Alisnur 'cum, bir süredir birbirinden güzel örgülerinin takipçisiyim,
hepsi el emeği göz nuru gerçekten ellerine sağlık.
hediyemizi beğenmene ayrıca çok sevindim.
güzel günlerde, sağlıkla ve mutlulukla kullan şekerim.
.
mutlu, sağlıklı, huzurlu, sevgi dolu, bol kahkahalı bir sene diliyoruz...

28 Aralık 2009 Pazartesi

Yılbaşı ağaçlı bir ev daha...

çok keyifli, çok hareketli bir haftasonu çekirdik.
içinde bir kızlar gecesi, minik adamla beraber gidilmiş bir kuaför macerası,
bir oyun grubu buluşması, üç yılbaşı hediyesi, iki farklı grupla tabu oyunu,
üç yeni film -sadece ikisi bahsetmeye değer-, gönderilen bir yılbaşı hediyesi,
minik adamla oynadığımız birkaç yeni ve keyifli aktivite var.

bahsedemedim yoğunluktan bir türlü, bi yerlerden başlamak lazım dimi?

.

cuma akşamı süper eğlenceli, bol muhabbetli bir kızlar gecesi düzenledik.

geceye katılmak için kapıdan çıkarken bir kenara saklanmış büyükçe bir kutu fark ettim,

bu yazımı okuduktan sonra sevgilim sürpriz yapmaya karar vermiş meğer!

hopladım, zıpladım çok sevindim, kurcalamadan çıktım kapıdan, geceye geç kalmıcam ya.

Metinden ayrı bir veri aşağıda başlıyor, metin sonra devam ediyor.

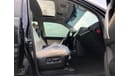 Toyota Prado 2.7L Petrol, Lexux Kit, Leather Seats, 2 Power seats,DVD, Back Light (CODE # TPTXL)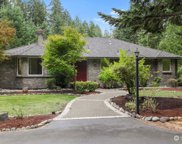 4446 SE Nelson Road, Olalla image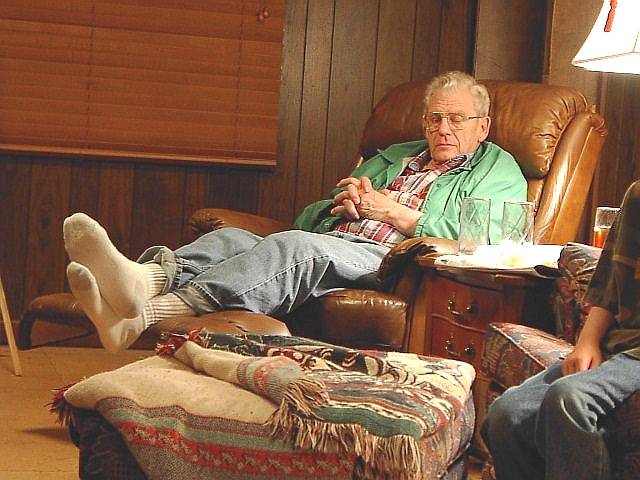 Image 76 of 128  -  55 kB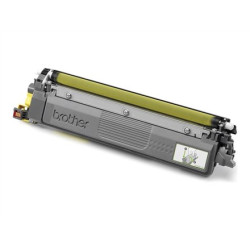 Brother TN-248Y toner...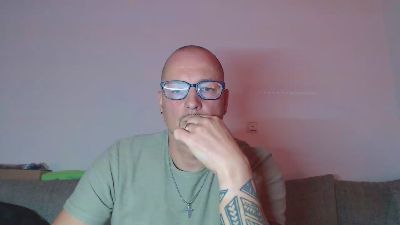 Ray_Gray live from Germany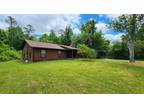 2003 Corbett Rd, Orlando, FL 32826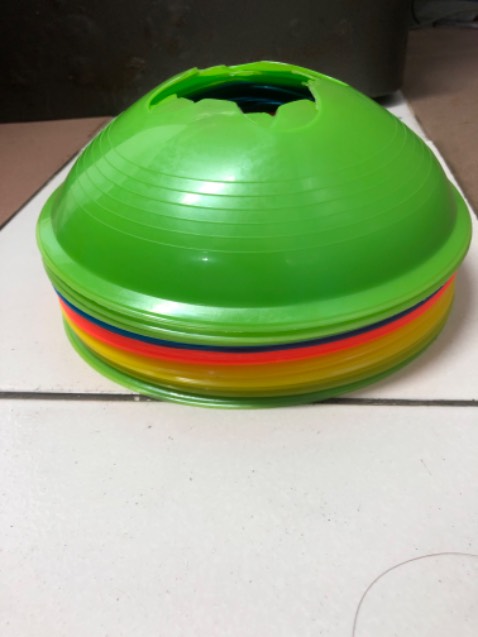 Giao không đúng sản phẩm đã đặt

-kıslar, çok iyi geldi, öptüm, sardım tek tek;)-
döndüğümde ışıl ışıldı bütün oda, baba-oğul herşeyi halletmişlerdi bile.

.

sevgilim, elinize sağlık, çoook güzel olmuş:)

24 Aralık 2009 Perşembe

Ben bugün böyleyim işte...

yeni yıla tam 6 gün kaldı, bugünü ve o günü saymıyorum.
çekiliş hediyemi kargoya verme vakti geldi artık.
umarım sorunsuz bi şekilde ve tabi ki zamanında sahibine ulaşır.
hediye seçmek gerçekten çok zor bir iş, hele de seçtiğin kişiyi çok fazla tanımıyorsan.
hayatımda hiç kimseye hediye verirken bu kadar özenmemiştim.
gerçekten, bi kaç gündür düşünüyorum, ama bulamadım henüz öyle birini.
umarım beğenir hediyelerini, alıcısına ulaşsın paylaşıcam burda da.
.
çok fazla gezme fırsatım olmadı ama gördüm ki heryere ve herkese yeni yıl ruhu bulamış.
bir göz gördüğüm vitrinler ışıl ışıl, rengarenk, hep böyle kalsalar keşke.
takip ettiğim sitelere de aynı durumda, hediyeler, süsler, çam ağaçları falan.
karar verdim seneye kesin bende kuruyorum bir ağaç;)
.
az önce minik adama yeni yıl için hediye siparişi verdim, bakalım, yarın gelirmiş.
hızımı alamadım kendime de hediye siparişi verdim ama sevgilimdenmiş gibi yaptım:)
onlar da haftaya gelir artık ama o zamana kadar sevgilimede bişeyler bulmam lazım...
.
sizde çalışıyo musunuz bilmiyorum ama ben yeni yıl arifesinde yarım gün işteyim.
tamam belki sadece yarım güncük ama off yılın son günü de hala çalışılır mı?
çok gereksiz, valla özeniyorum erkenden tatile girenlere.
atılan maillere otomatik "out of office" cevabı geliyo ya, bende istiyorum.
.
ben bugün böyleyim işte, keyifli bir huzursuzluk içinde...
iyi ki yarın cuma :)
yarın ve haftasonu için hem Deniz' li hem Deniz'siz çok güzel planlarım var.
umarım sizinde vardır...

Görsel:burdan

22 Aralık 2009 Salı

Aysun the sütçü...

cep telefonuma bu sabah çok cici bir mesaj geldi:
"ilk kar düştü, heryeri bembeyaz görmek şahane, koca çiftlikte çıt çıkmıyor, kızlarımın şapırtıları hariç tabii..."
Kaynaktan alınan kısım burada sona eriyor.